Em 17/12/2021, o Governo da RAEM apresentou uma proposta de lei atinente ao regime jurídico de segurança dos ascensores. Uma iniciativa meritória e que tardava.
Apresentada tal proposta à Assembleia Legislativa, aquela foi aprovada por unanimidade.
Da referida proposta de lei constava um artigo décimo cuja versão inicial sublinhava a necessidade das entidades encarregadas da manutenção dos ascensores possuírem adequado seguro de responsabilidade civil "válido para cobrir os danos corporais e patrimoniais sofridos por terceiros em resultado da sua actividade".

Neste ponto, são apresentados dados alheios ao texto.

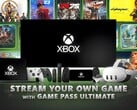 Game Pass 终极版上的 Xbox 云游戏横幅(图片来源:Xbox Wire,有编辑)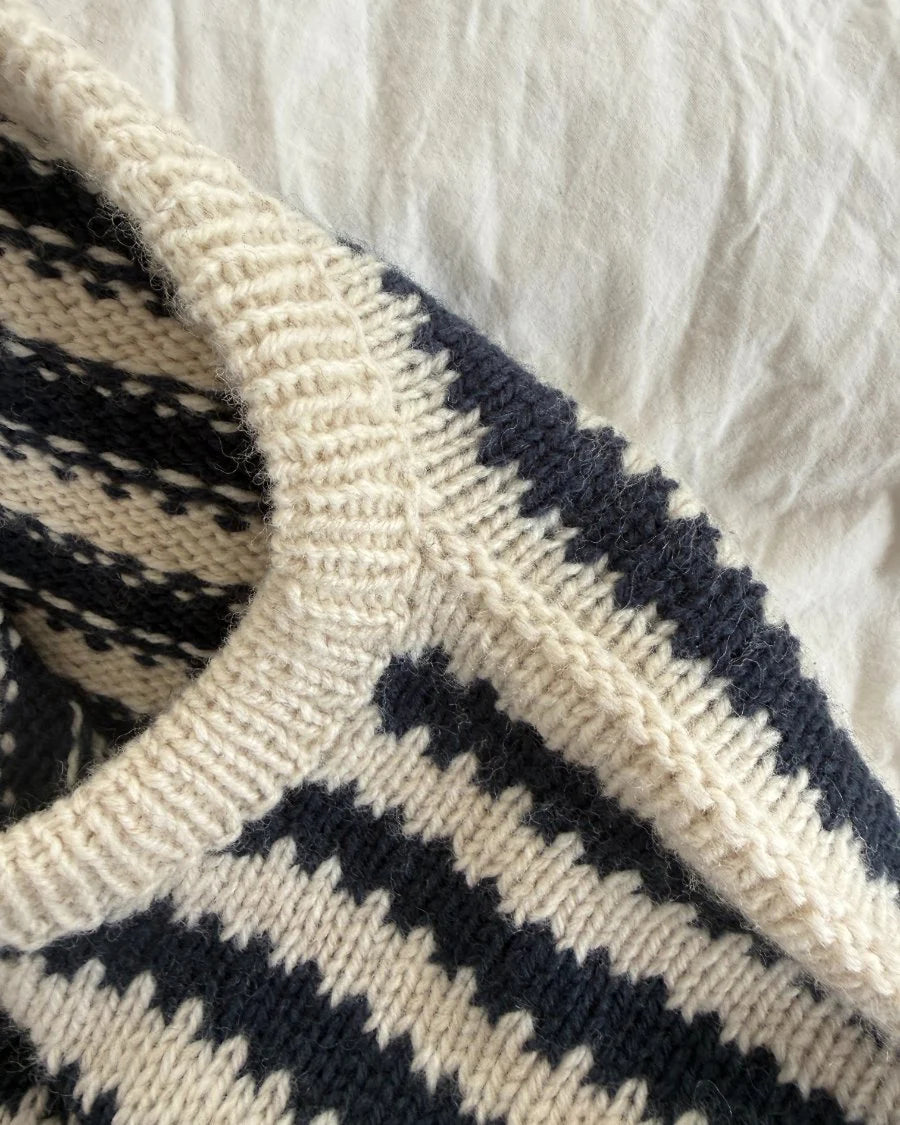 Otto Sweater Junior - PetiteKnit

Sucede que há dias fui confrontado com a notícia de que o mesmo Governo que apresentou a proposta veio agora retirar do articulado o artigo sobre a obrigatoriedade da contratação do seguro com os argumentos de que esse tipo de seguro não existe "nas proximidades", que por isso não seria fácil resolver, e que o seu custo poderia vir a ser elevado.
Em Portugal, onde ainda hoje se escora o sistema jurídico de Macau, esse seguro existe. Não foi criado ontem. E até na Internet é fácil encontrar um modelo de contrato de seguro de responsabilidade civil para entidades conservadoras de elevadores.

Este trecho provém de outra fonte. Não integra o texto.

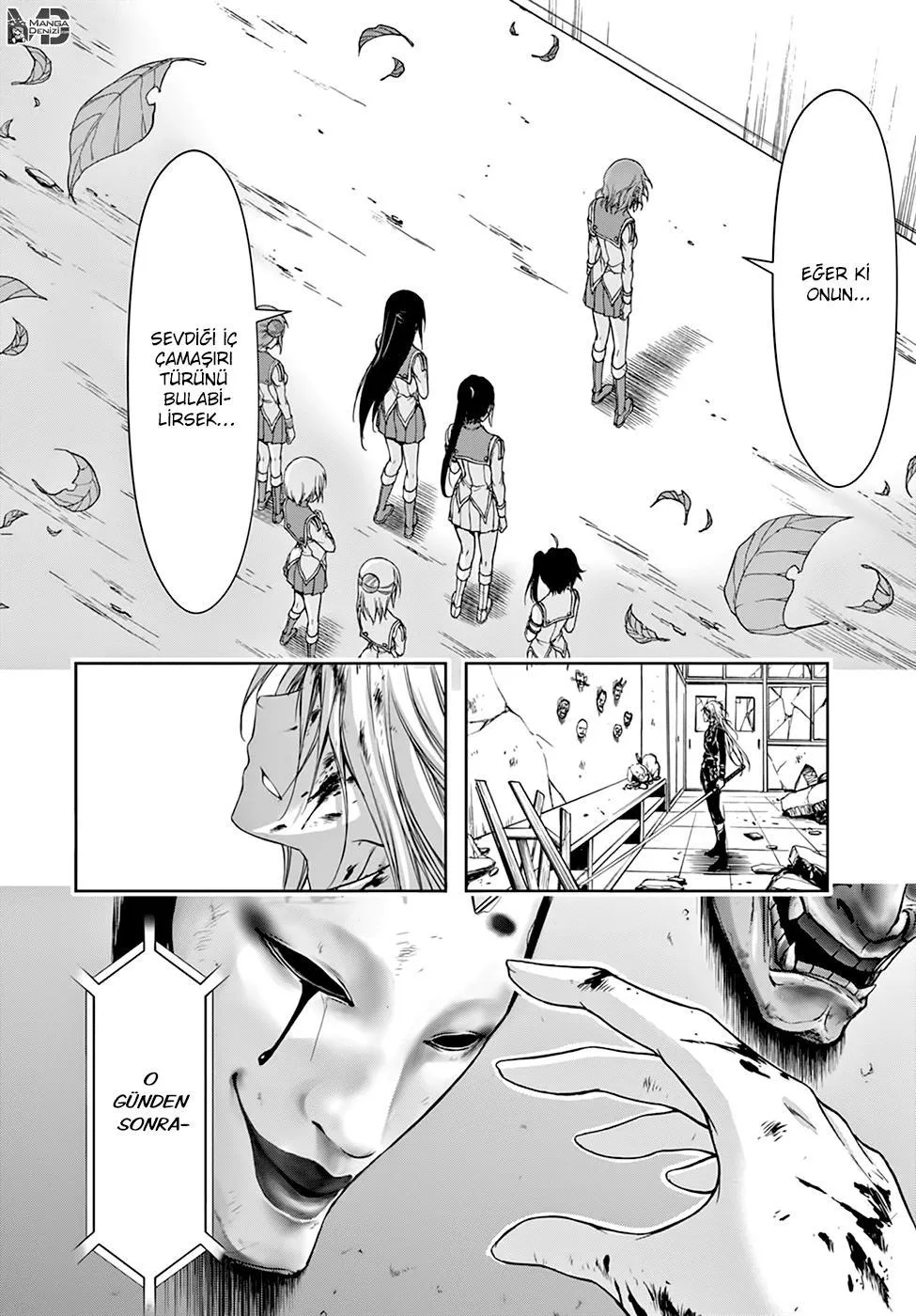 Plunderer - Sayfa 13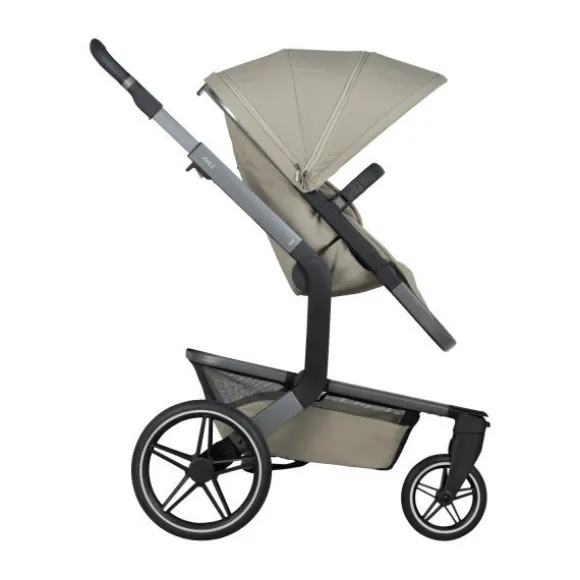 Joolz Day 5 Kinderwagen 4-in-1 - Forest Green | Joolz X Maxi-Cosi Pebble 360 Pro 2 Autostoeltje | Maxi-Cosi FamilyFix 360 Pro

O Secretário para a Segurança, por vezes, quando quer justificar o reforço do estado policial vai a correr buscar o que existe legislado na União Europeia e em Portugal, esquecendo que aí as garantias do cidadão são de outro nível. Quando convém, para se cercearem direitos, não há problema em ir buscar exemplos distantes.
Também quando a advocacia foi regulada autonomamente em Macau não existia um seguro de responsabilidade civil que cobrisse o exercício da profissão e protegesse terceiros. Mas criou-se.

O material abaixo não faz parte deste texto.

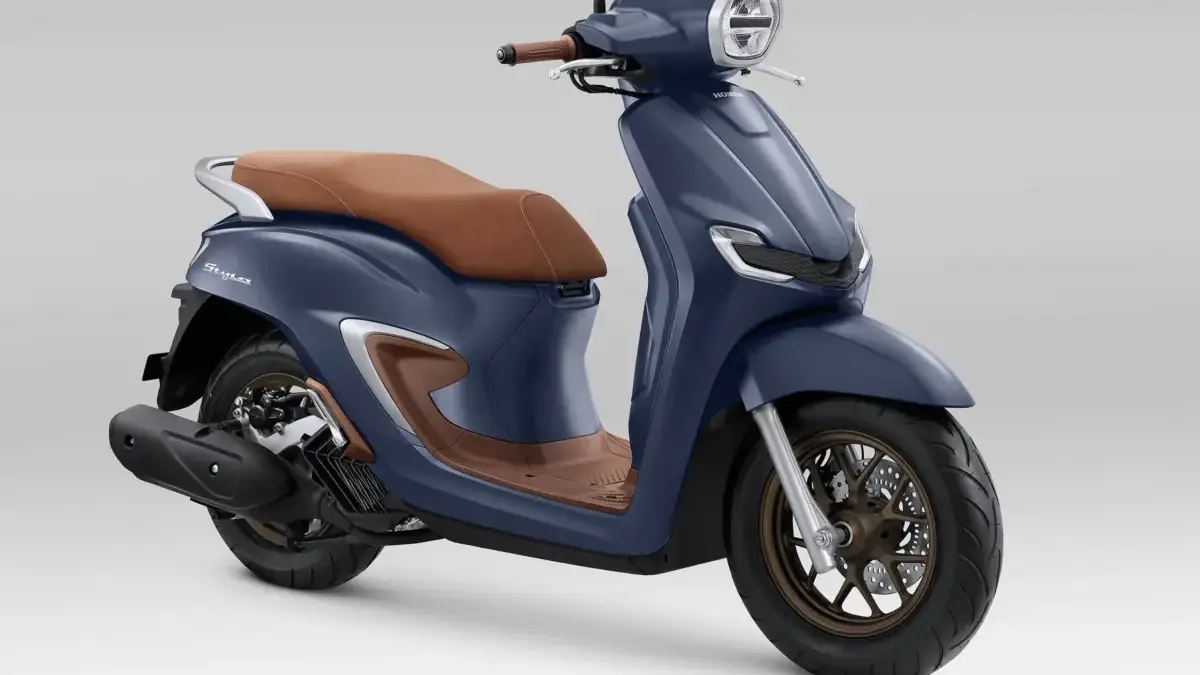 Siap Jadi Primadona, Skutik Premium Fashionable New Honda Stylo 160 Makin Mewah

É normal que em qualquer actividade que envolva risco e seja susceptível de serem causados danos a terceiros exista um seguro que os cubra. E se ele não existe compete ao Governo tomar as medidas necessárias para o que mesmo seja criado. Se não existe "nas proximidades", existirá mais longe. Vai-se buscar e adapta-se. Ou faz-se de raiz. Não se foge do problema só porque é mais fácil. Se a lógica prevalecente para a evolução das sociedades jurídicas fosse a de ignorar o que está longe, ainda hoje a China estaria no tempo dos mandarins.
Confesso que para além de não perceber qual seja a dificuldade da criação desse seguro, também não alcanço como é possível o Governo apresentar uma proposta da qual faz constar a obrigatoriedade do seguro sem que previamente tenha estudado a situação e falado com o sector segurador. Se incluiu o artigo foi por entender que fazia falta, porque era importante. Deixou de ser?
O Secretário para os Transportes e Obras Públicas quis dar uma explicação simples, para alguns ignaros, que obviamente não colheu por falta de lógica política, jurídica ou técnica. Estabelecer uma comparação do seguro que estava previsto para os ascensores com o seguro de responsabilidade civil automóvel dizendo que se o particular tiver um problema com o carro e não tiver seguro tem de ser o próprio a tratar, e que com os elevadores será o mesmo, é ignorar o princípio básico, ou seja, o de que o seguro automóvel de responsabilidade civil é obrigatório, e que quem tiver um carro e circular sem seguro está em situação ilegal.
Tudo isso é, uma vez mais, e infelizmente, revelador de amadorismo e de uma forma atabalhoada de fazer as coisas. Ou de subservientemente justificar que não se faça o que devia ser feito. Ultimamente são as leis que pagam. De outras vezes foi a TDM. Ou a higiene da cidade. E às vezes são as pessoas.
Pior do que isso, o que é verdadeiramente aflitivo é ver a facilidade com que em alguns assuntos importantes se cede aos lobbies locais e se apressa a dar o dito por não dito. Viu-se isso no recuo quanto aos chamados "casinos-satélites" na proposta de alteração da lei do jogo.
Os ascensores da inteligência e do interesse público continuam, pois, a ter sérias dificuldades de sobrevivência e convivência com o principio "um país, dois sistemas".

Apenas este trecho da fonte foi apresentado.